Okay, says I… Jafar, genie, lamp. His internal story tracks… Just one question: Why are we even in Wonderland? If you want a story about Jafar hunting a genie who falls in love with a young girl, why are we even here? Why Wonderland specifically? Either give us a reason (some kind of plot in which other lands are losing magic and Wonderland is full of it so sorcerers from all over are emigrating and it’s causing all kinds of mischief) or just set the story in Agrabah in the first place. Technically, there’s no reason Jafar can’t be in Wonderland – realm travel has already been established. But there’s equally no reason why Wonderland is the place of choice to set this particular part of his and Alice’s story. You can’t throw two stories together with a “why not?” attitude. The issues might not be obvious but the story ends up “feeling” weird and audiences notice…

3. Respect Your Elders

Perhaps one day I’ll write an entire segment on what it means to be a sequel or spin-off and how to handle it well.

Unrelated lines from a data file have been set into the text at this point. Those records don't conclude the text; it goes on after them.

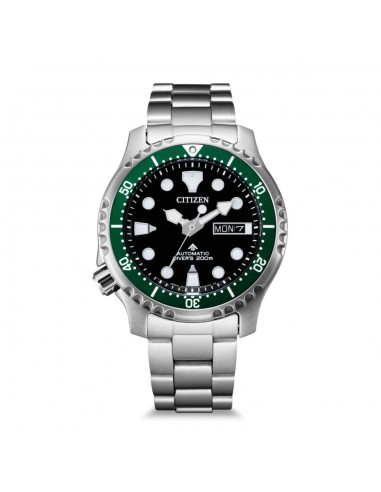 MONTRE CITIZEN AUTOMATIQUE PROMASTER MARINE NY0084-89EE acheter en ligne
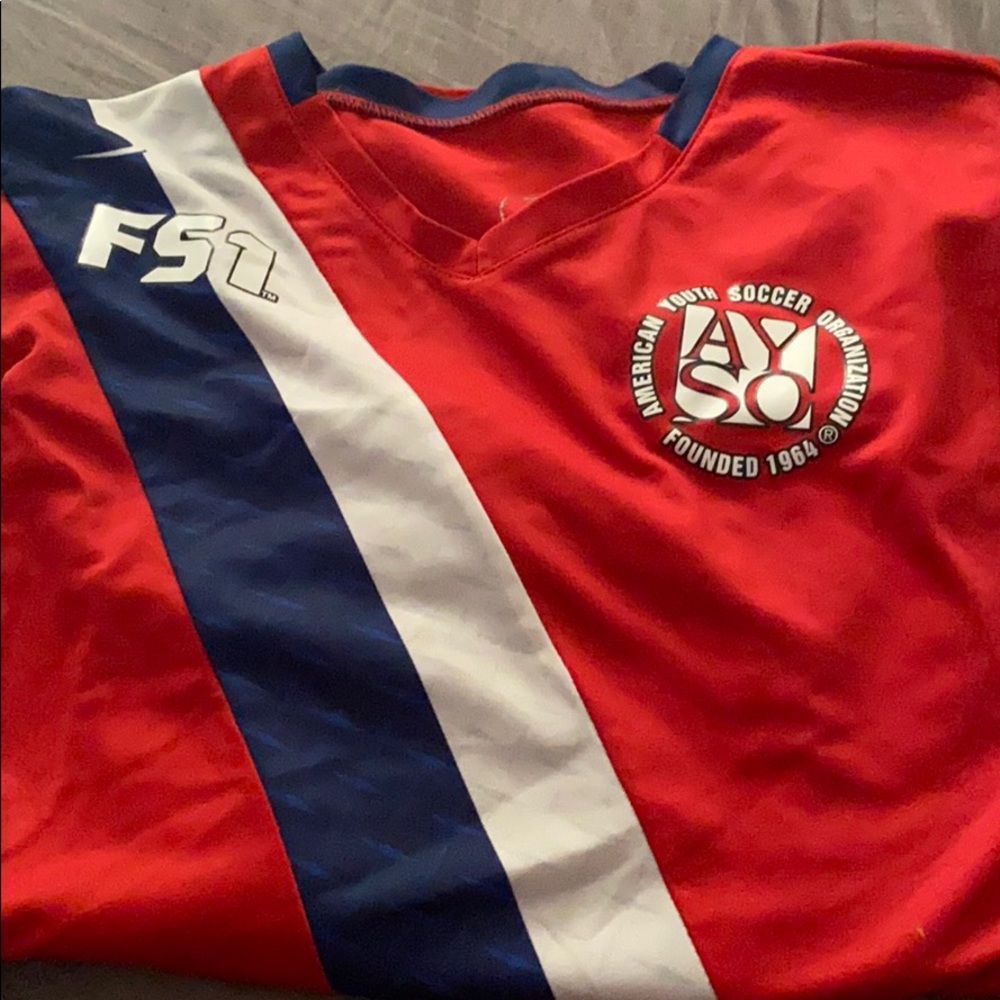 Jersey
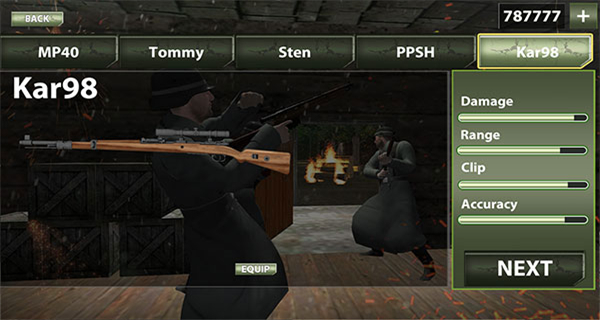 世界大战英雄无限黄金修改版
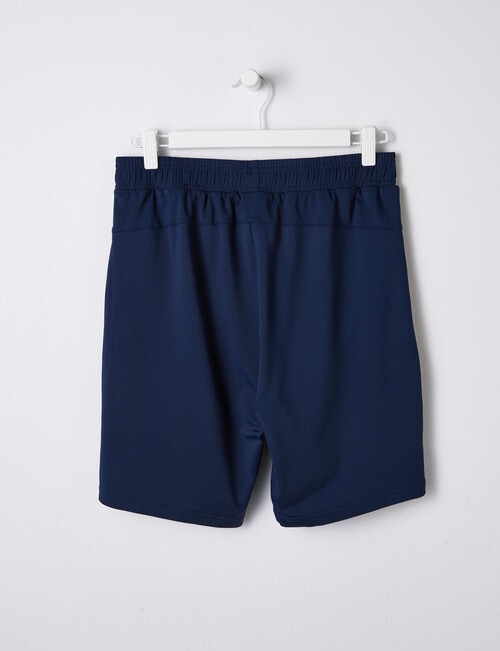 No Issue Sport Knit Short, Navy product photo View 02 L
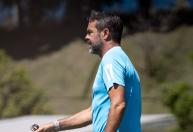 Cruzeiro perde titular, mas acelera no ataque para duelo com Remo; as opções de Artur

For now, let’s just say that OUAT in Wonderland had a shit hand to play. It’s one thing to try and stand on your own two feet as a pilot series. It’s another issue entirely when the shoes your standing in a hella roomy. The original Once Upon a Time was well-received and generally very popular. By the time OUAT in Wonderland came around, it was in its fourth season, had just paired with Disney and was really hitting its stride. Unless the spin-off was fantastic, it was doomed to fail.

And, compared to its predecessor, OUAT in Wonderland failed on the “fantastic” meter in two distinct ways. Its multi-timeline structure was handled with less skill than in the original show. And it was less creative with its canon material.

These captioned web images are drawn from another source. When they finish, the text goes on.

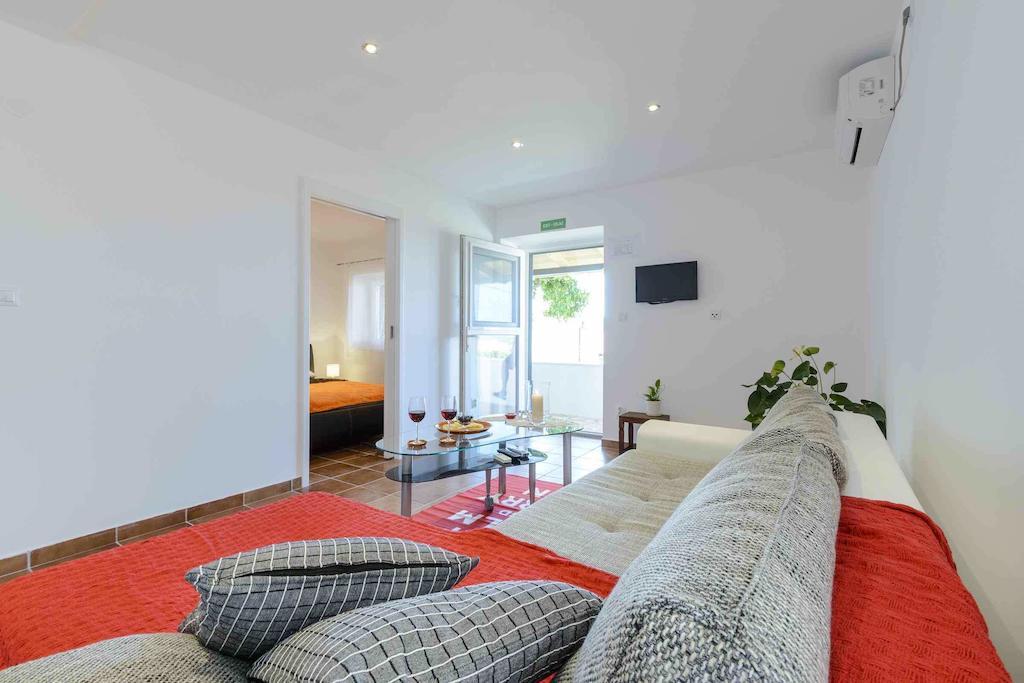 Apartments Dubrovnik Palm Tree Paradise Quarto foto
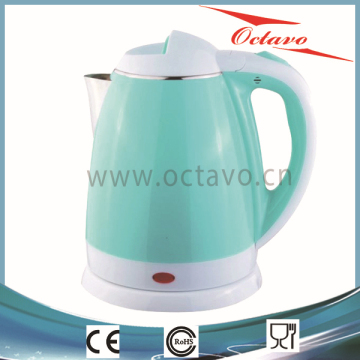 1.8L Cordless Stainless Steel Electric Kettle for home OC-1233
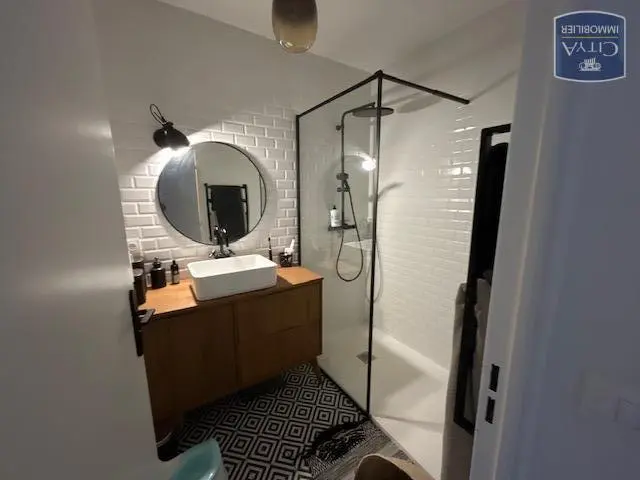 Photo 4 Appartement 3 pièces 63.62m²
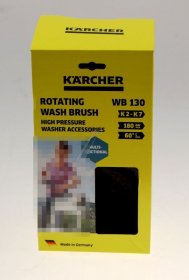 Karcher Vacuum Cleaner Nozzle - 2 644-286 0 Wb 130 Sz (incl Un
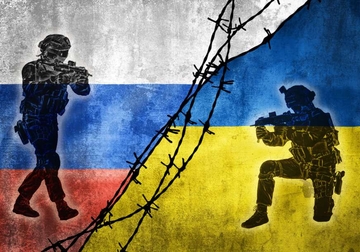 Ukrajinske vlasti proglasile su RATNO STANJE širom zemlje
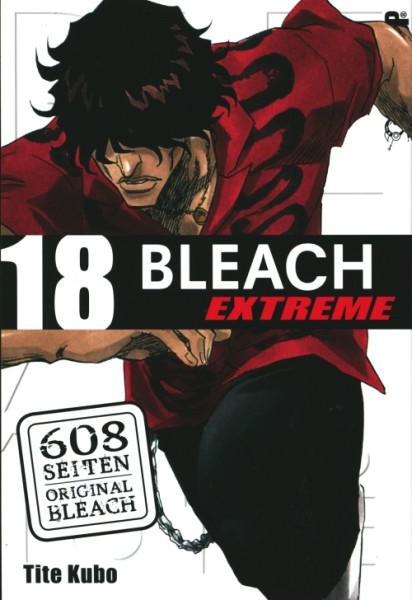 Bleach EXTREME 18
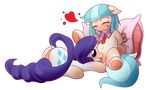  &lt;3 2015 alpha_channel blue_eyes blue_hair blush butt coco_pommel_(mlp) cunnilingus dock duo earth_pony equine eyes_closed female female/female feral friendship_is_magic hair hooves horn horse long_hair mammal multicolored_hair my_little_pony navel oral pillow pony purple_hair pussy rarity_(mlp) restrained rope sex simple_background spread_legs spreading symbiank transparent_background two_tone_hair underhoof unicorn vaginal 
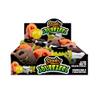 Shawshank Ledz 702056 Spooky Halloween Squeeze Toy, Fabric (Pack of 12) view 1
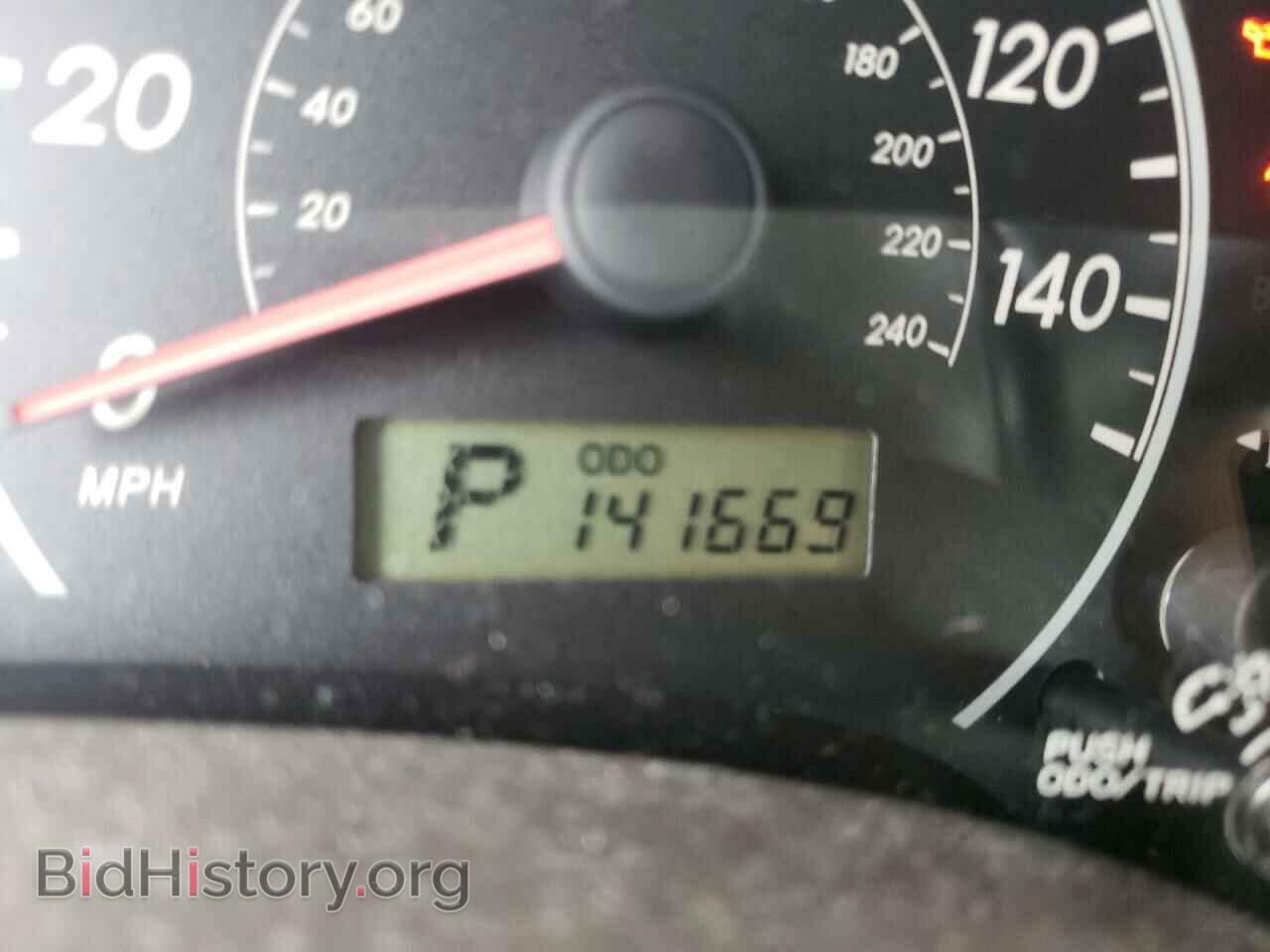 2009 TOYOTA COROLLA - VIN: JTDBL40E19J029274 - Фото 8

OUAT in Wonderland followed its mother-show’s example of concurrent timelines within each episode. Alice’s quest to be reunited with her true love is regularly interrupted with flashbacks of her growing relationship with Cyrus or with Will and Ana’s history together.

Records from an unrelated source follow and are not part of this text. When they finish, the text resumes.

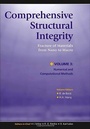 Cover: Comprehensive Structural Integrity - Elsevier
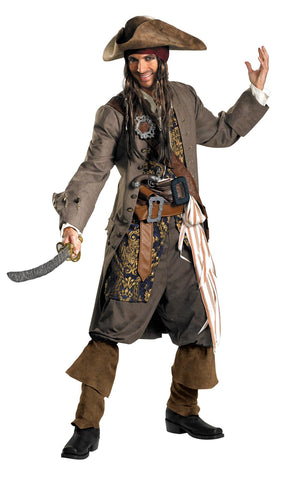 Jack Sparrow 50-52 Theatrical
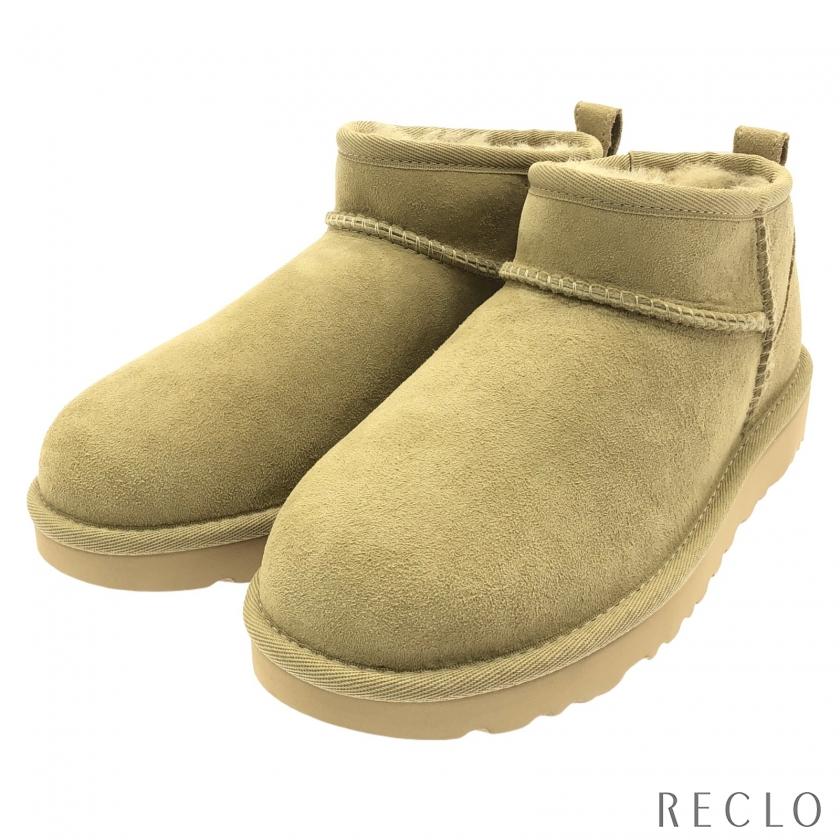 UGG Australia アグオーストラリア australia ブーツ ムートン  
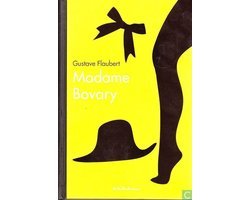Unknown - Madame Bovary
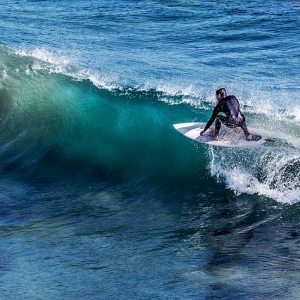 Une nouvelle expérience sur AirBnb pour les amateurs de surf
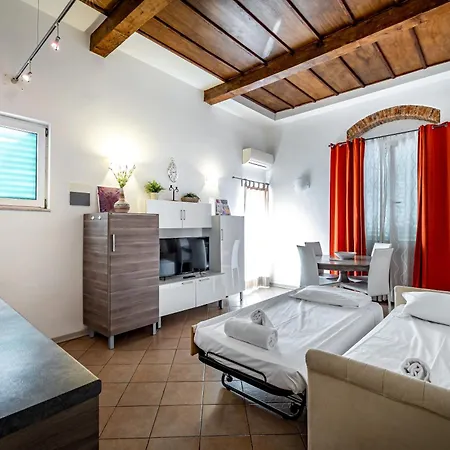 Roommo Beccaria Appartamento *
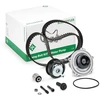 Image de INA 530 0377 31 Pompe à Eau + Kit De Distribution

WWCL: Once Upon a Time in Wonderland
In Once Upon a Time, old stories are given a new sheen through creative storytelling and multi-timeline perspectives. OUAT in Wonderland tries to mimic but executes the technique with none of the same skill.

Within each episode of Once Upon a Time, however, similar flashbacks interlocked either practically or thematically with the current adventure unfolding in Storybrooke. Each enhanced the other, with a semi-conclusion every 45 minutes episode. Not to mention the then overarching storyline of Rumplestiltskin manipulating the entire storyline, for the last thirty-odd years, all for his own gains. The stories are layered, related and complimentary to one another. OUAT in Wonderland isn’t so carefully formed. The flashbacks rarely relate, at least in any deep way, and are mostly there as background exposition or extra fluff to fill-out the runtime. They feel like filler. Add to this the lack of mystery/tension issue and it becomes boring filler. This is in stark contrast to the story-telling skill shown in the original series.

As well as technique, OUAT in Wonderland lacked the glorious creativity that was such a joy to watch in the original show. The idea that Rumpelstiltskin (due to his scaly appearance) is the “crocodile” who took Hook’s hand? The fact that he’s the “beast” in Belle’s story? The way Regina controls others through their hearts that she keeps in boxes, harping back to the original huntsman story in the fairy-tale? How about the fact that magic beans can open portals to other worlds, just like they create beanstalks to the world of the giants? Allow me to chef’s kiss over all of this. They’re creative and entertaining titbits that work within the established world of fairy-tales and give the audience something original to consume in between the necessary, classic moments we’re already familial with.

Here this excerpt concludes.